London SE1 website team

A large celebration at The Union Jack pub has marked a community heroes award being presented to publican, arts promoter and singer Nolia Devlin.

Union Jack
Community Heroes Award for Union Jack pub’s Nolia Devlin
Community Heroes Award for Union Jack pub’s Nolia Devlin
Nolia Devlin (left) at the awards ceremony in Warwick last October

The Enterprise Community Heroes awards, organised by Enterprise Inns, are given in recognition of publicans and the exceptional contributions they make to their local communities.

Last month representatives of London South Bank University, Better Bankside, artists and charities gathered at The Union Jack on the corner of Union Street and Great Suffolk Street, which Nolia has run for the last three years.

In addition to music evenings, often featuring jazz, an important new attraction is the changing art display promoting new young artists.

Michael Ekberg of Enterprise Inns, recalling first meeting Nolia, told the packed pub: "We had a string of people queuing up but I had to give Nolia the contract. I could not say no. I cannot compliment Nolia too much. It's the best decision I ever made."

Speaking after attending the event, Neil Coyle, the MP for Bermondsey and Old Southwark, said: "It was great to meet Nolia to celebrate her award. She's a massive asset to SE1 and the brilliant mix of people from the arts, students, lawyers, musicians, artists and academics who were there to recognise her contribution is testament to the respect in which she’s held and the contribution she makes."

Alluding to Nolia's decision to donate her prize, he added: "Even through her award she chose to help others – sharing her success with Coin Street.

"It was also great to be at a thriving pub event celebrating vibrancy and not helping campaign against closure too!

"Enterprise Inns deserve some credit for supporting Nolia and all her work locally."
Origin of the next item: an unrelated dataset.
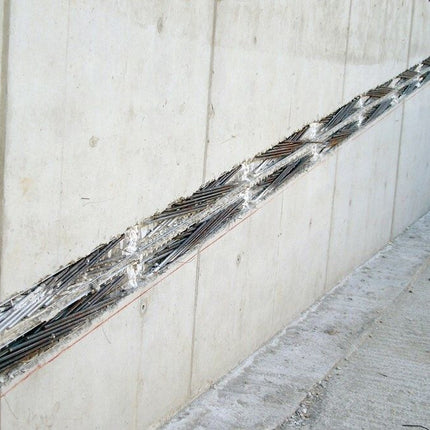 Jako Stekkenbak 12mm-15cm Dubbel Stekl=12,5cm BAK=14cm Stekh=17cm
Natalie Bell, from Coin Street Community Builders, described Nolia as "one of most inclusive people" she had ever met and thanked her for donating her prize money to the community for the benefit of both young people and seniors. Natalie added that she looked for forward to staging a major tea party for over a 100 seniors.

Earlier Nolia claimed that when she took over the Union Jack it was a run-down boozer but was now attracting an eclectic mix of people.

"My pub is a shared by locals and offices so it is unique in that way. I support the surrounding local area with art exhibitions and music events in order to raise money for local causes and local individuals.

"I am a very artistic person by nature and I have used my skills and contacts in this area to help the local community and pub."